▸ **Description of the task**:
For this exercise, output the entries below exactly from the line that holds "Welcome to this" to the line that holds "Blue velvet armchair.", both ends included. No pictures belong in the copy.

▸ **Data records**:
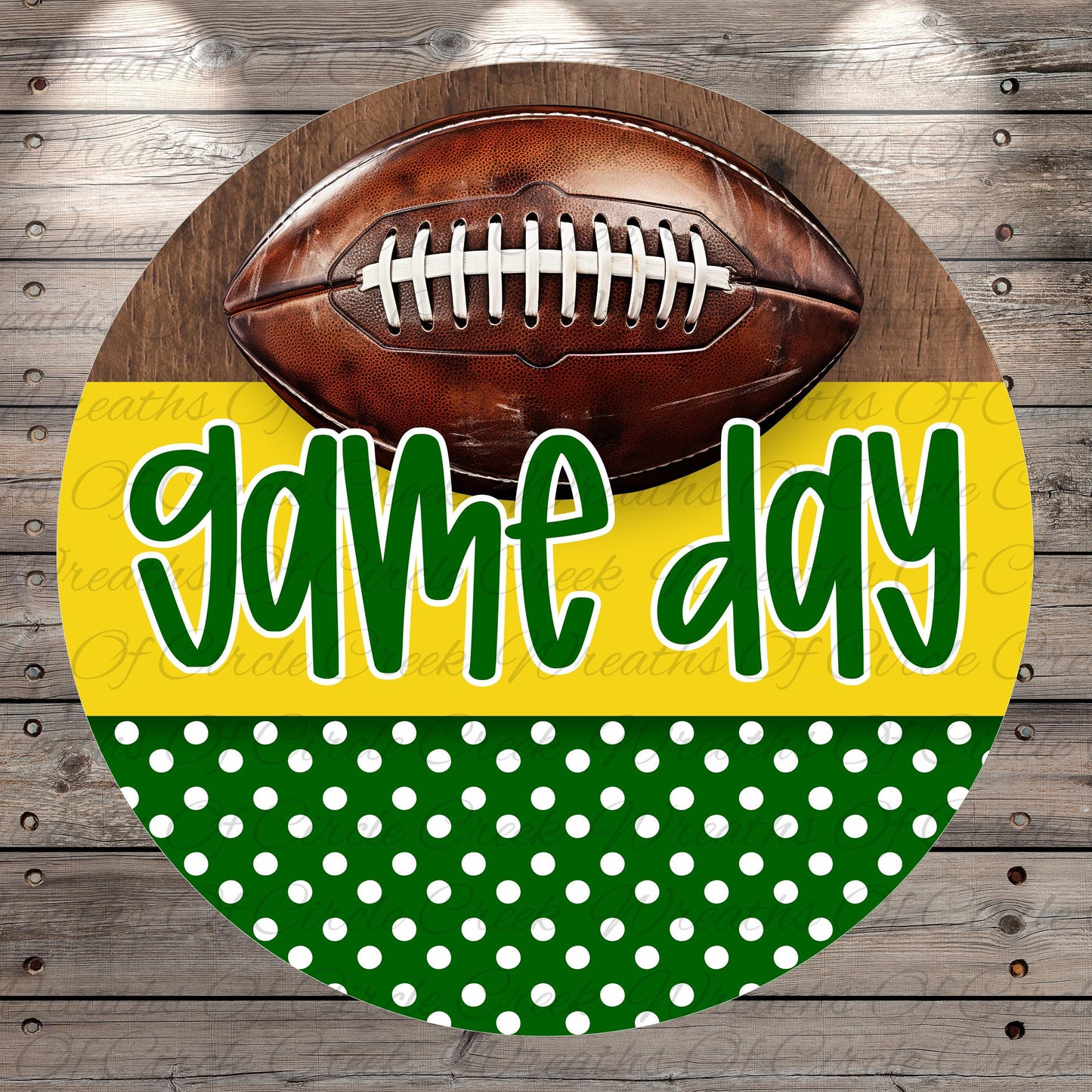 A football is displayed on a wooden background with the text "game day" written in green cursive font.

---

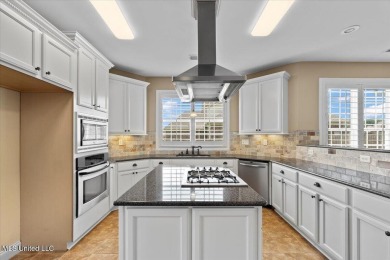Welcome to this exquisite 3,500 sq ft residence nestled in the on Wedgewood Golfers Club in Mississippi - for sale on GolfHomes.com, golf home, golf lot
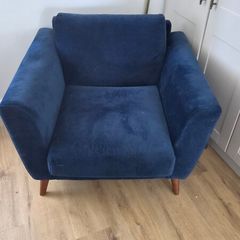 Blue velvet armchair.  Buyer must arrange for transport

▸ **Response area**:
Welcome to this exquisite 3,500 sq ft residence nestled in the on Wedgewood Golfers Club in Mississippi - for sale on GolfHomes.com, golf home, golf lot
 Blue velvet armchair.  Buyer must arrange for transport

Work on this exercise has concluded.